--- EXCERPTED DATA Enclosed Below ---

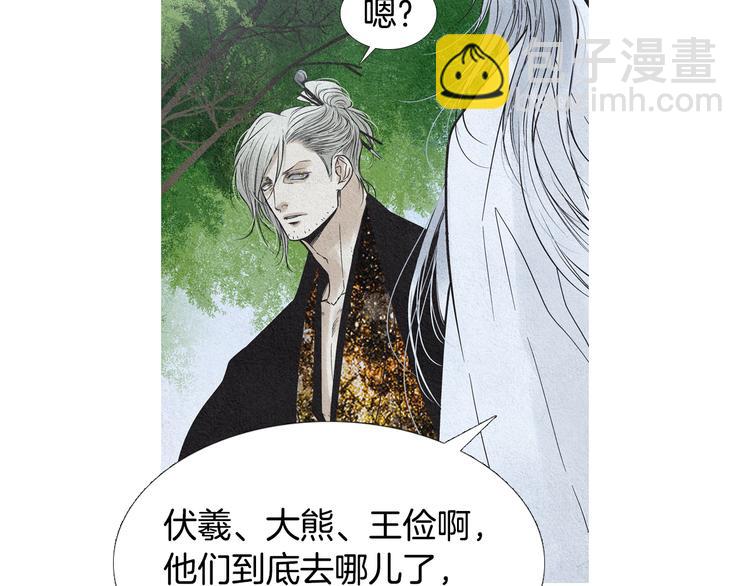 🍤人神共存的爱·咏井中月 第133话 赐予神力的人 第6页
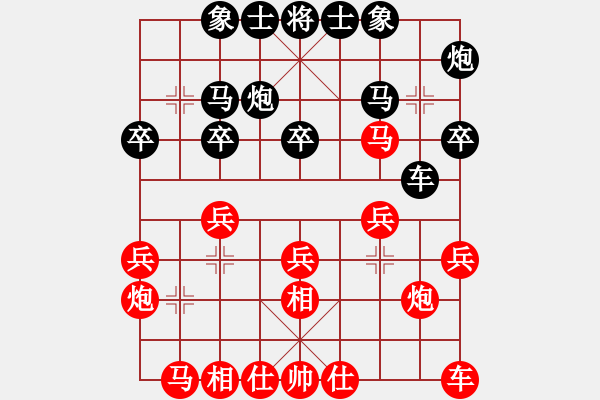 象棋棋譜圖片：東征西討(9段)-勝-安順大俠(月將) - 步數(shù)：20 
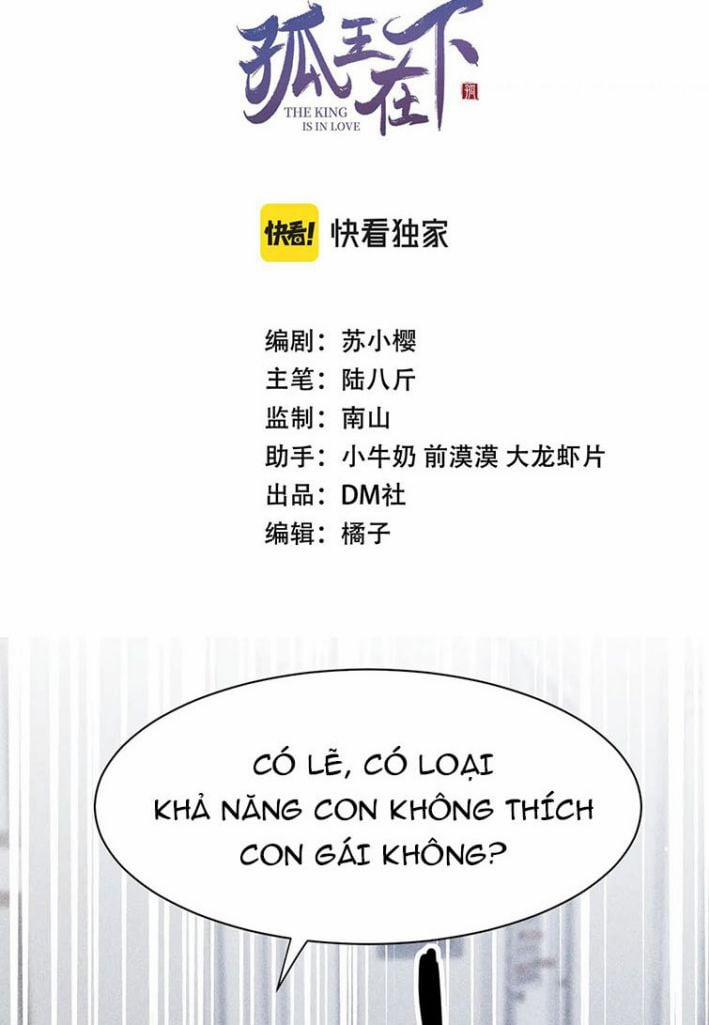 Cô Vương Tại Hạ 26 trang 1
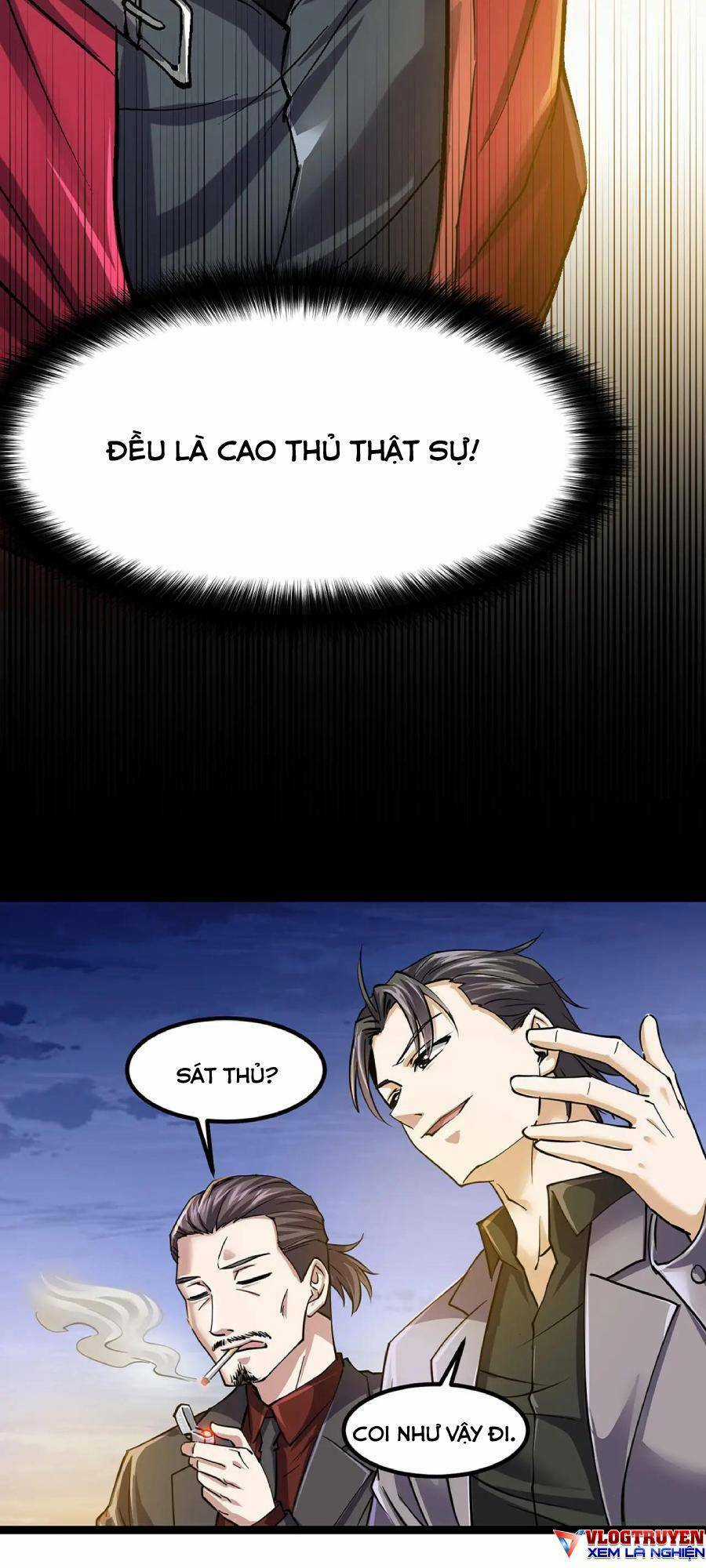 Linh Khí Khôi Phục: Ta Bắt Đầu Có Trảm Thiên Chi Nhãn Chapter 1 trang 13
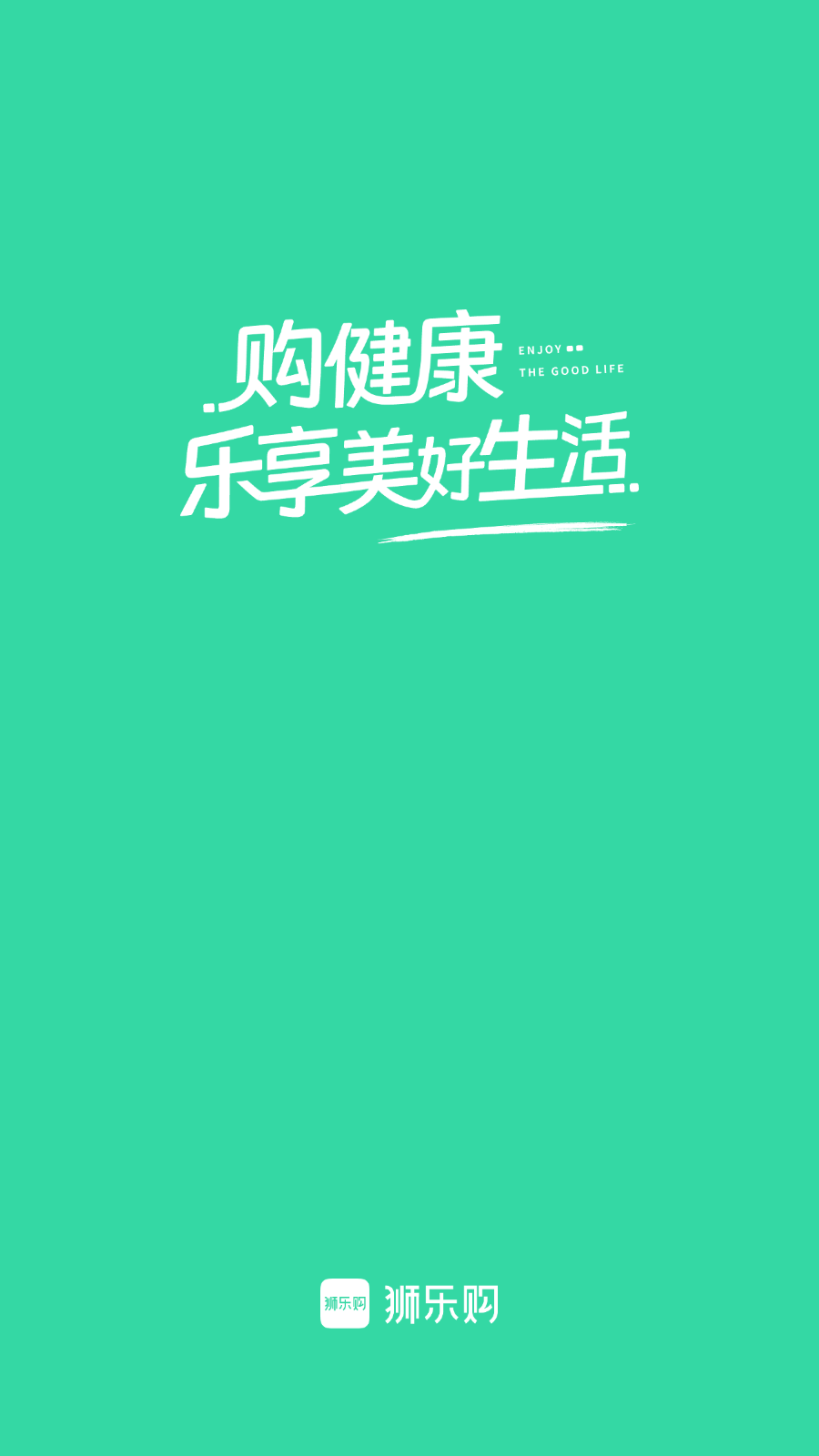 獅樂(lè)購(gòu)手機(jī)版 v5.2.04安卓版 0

--- End of Enclosed EXCERPTED DATA ---

» ABOUT THIS EXERCISE:
Print the full listing exactly, dropping the pictures.

» TASK SOLUTION:
 🍤人神共存的爱·咏井中月 第133话 赐予神力的人 第6页
 象棋棋譜圖片：東征西討(9段)-勝-安順大俠(月將) - 步數(shù)：20 
 Cô Vương Tại Hạ 26 trang 1
 Linh Khí Khôi Phục: Ta Bắt Đầu Có Trảm Thiên Chi Nhãn Chapter 1 trang 13
 獅樂(lè)購(gòu)手機(jī)版 v5.2.04安卓版 0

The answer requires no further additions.